The state religion is the Drukpa Kagyu branch of Mahayana Buddhism, which was institutionalized in Bhutan by Zhabdrung Nawang Namgyel in the 17th century. Besides Drukpa Kagyu, other branches of Mahayana Buddhism, as well as Hinduism are also widely practiced.  Religion plays a very important role in the Bhutanese way of life, which has several implications for government policy. Amongst others, the Bhutanese Government’s strong dedication towards conservation of natural resources is rooted in the Buddhist philosophy, where the respect of nature and life are central issues.
Several important Buddhist saints are associated with Bhutan, among them Padmasambhava (Guru Rimpoche), Milarepa, Pema Lingpa, Drukpa Kinley, whose memory is vividly alive.

Land use

Land use

Bhutan's mostly rugged landscape is covered by forests to 64.4%. Considering the additional 8.1% of scrubland, a total of 72.5% of the country is covered by forest vegetation. Agriculture, which sustains the livelihood for the vast majority of the population (85%), relies heavily on nutrient input from forests through forest grazing and sokshing practices. This heavy interdependence between agriculture and forestry requires an integrated management approach. Understanding the complex interaction between agriculture and forestry is crucial to maintain the sustainability of land use in the long term and therefore FORED strongly focuses on this field. This complies with the requirements for farmer-oriented research by RNR-RC centres in Bhutan, among them RNR-RC Jakar as the national focal centre for livestock sector research. Possible fields of investigation include the effects of forest grazing and its use as forest management tool, research on silvopastoral systems, etc.

Conservation

Conservation

Stemming from strong conservation ethics, the National Assembly ruled to keep a minimum of 60% of the country's area under forest cover for the future. Currently, a total of 26.23% of the country is protected in National Parks, Reserves and Sanctuaries. In addition, 9.5% of the country is set aside for biological corridors linking protected areas. Therefore, the Protected Area network occupies 35.73% of the country, which is unique worldwide.

Vegetation zones

Vegetation zones

The forests of Bhutan cover 72,5% of the landscape (LUPP 1995), out of which 8,1% is scrub forest. The country is divided into three rough physiographical zones, out of which the forests are located in the two southern zones. The Northern Zone covers areas at altitudes above the timberline.
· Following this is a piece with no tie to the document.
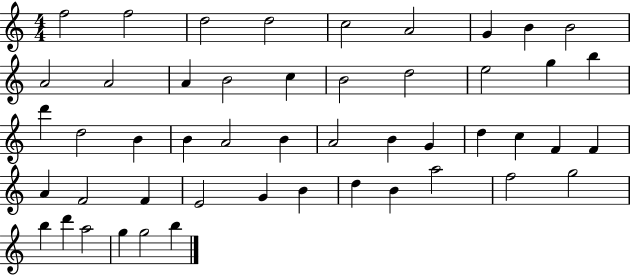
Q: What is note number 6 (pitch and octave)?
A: A4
The Central Zone roughly covers the altitude between 1000 m and 4000 m asl. and encompasses major forest areas. The zone of temperate conifer forests extend between 2500 and 4200 m asl. The Southern Zone lies below the altitude of 2500 m and encompasses subtropical and tropical forests.
 
In 1957, Schweinfurth published the vegetation map of the Himalayas. It was the first endeavour to show the great variety of local conditions within the Himalayas from Kabul in the west to the Yangtsekiang in the east. Three levels of differentiation within the Himalayan subsystems are recognised by this author:
1. the sequence of climatic transition from east to west along the foot of the ranges.
2. the vertical sequence, which includes the belt of relative higher humidity and more luxurious  vegetation extending across the entire southern slope; and
3. the contrasts between the wet-humid-moist southern slope (Outer Himalayas), the Tibetan Himalayas and the Inner Himalayas, distinguished in various parts of the systems by its transitional character.

All three factors create a three dimensional climatic framework which leads to patterns of vegetation zonation, whose strongest characteristic are altitudinal, mostly monospecific-dominant zones, ranging from the lowest Shorea to the highest Abies zone. Multi-species dominated are found mostly in low to middle elevations and on the outerm southern slopes of the Himalayas. The east - west gradient in precipitation is a major determinant of differences in forest types between the dry west and the humid east of the mountain belt.